Source data:

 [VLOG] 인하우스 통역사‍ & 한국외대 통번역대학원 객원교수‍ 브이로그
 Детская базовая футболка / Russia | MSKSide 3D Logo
--
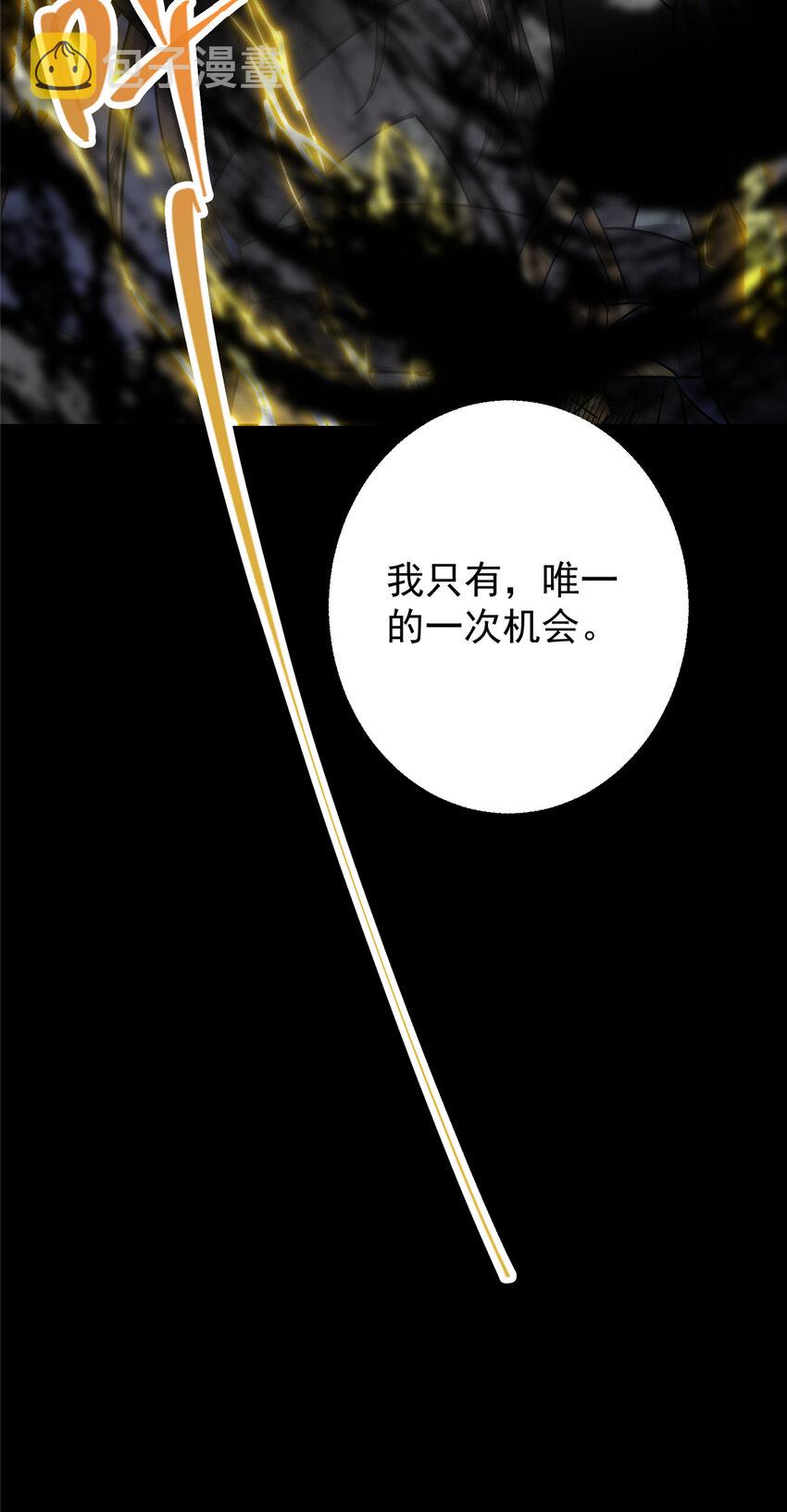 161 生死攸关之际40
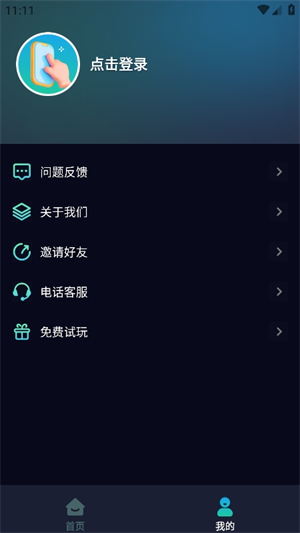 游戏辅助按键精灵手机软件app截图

Directions:
From the listing above, return the lines starting at the one with "[VLOG] 인하우스 통역사‍ & 한국외대 통번역대학원 객원교수‍ 브이로그" and ending at the one with "Детская базовая футболка", both kept, exactly as they appear and nothing more.

Solution:
 [VLOG] 인하우스 통역사‍ & 한국외대 통번역대학원 객원교수‍ 브이로그
 Детская базовая футболка / Russia | MSKSide 3D Logo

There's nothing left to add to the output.